NilClass and no method name? Certainly not correct. So I looked at the serialized handler on the job in the DB and saw:
"--- !ruby/object:Delayed::PerformableMethod\nattributes:\n id: 13\n
event_id: 26\n name: memememe\n api_key: !!null \n"
No indication of a class or method name. And when I load the YAML into an object and call #object on the resulting PerformableMethod I get nil. For kicks I then fired up the console on the broken production app and delayed the same job. This time the handler looked like:
"--- !ruby/object:Delayed::PerformableMethod\nobject: !ruby/
ActiveRecord:Domain\n attributes:\n id: 13\n event_id: 26\n
name: memememe\n api_key: !!null \nmethod_name: :create_a\nargs: []
\n"
And sure enough, that job runs fine. Puzzled, I then recalled reading something about DJ not playing nice with Thin. So, I tried Unicorn and was sad to see the same result. Hours of research later and I think this has something to do with how the app server is loading the YAML libraries Psych and Syck and DJ's interaction with them. I cannot, however, pin down exactly what is wrong.

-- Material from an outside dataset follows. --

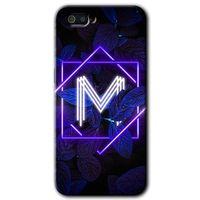 Realme C2 Kılıf HD Desen Baskılı Arka Kapak - Dark Neon Yaprak M Harfi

Note that I'm running delayed_job 3.0.1 official, but have tried upgrading to the master branch and have even tried downgrading to 2.1.4. Here are some notable differences between my stage and production setups:
- In stage I run 1 Thin server on a TCP port -- no web proxy in front
- In production I run 2+ Thin servers and proxy to them with Nginx. They talk over a UNIX socket
- When I tried unicorn it was 1 app server proxied to by Nginx over a UNIX socket
Could the web proxying/Nginx have something to do with it? Please, any insight is greatly appreciated. I've spent a lot of time integrating delayed_job and would hate to have to shelve the work or, worse, toss it. Thanks for reading.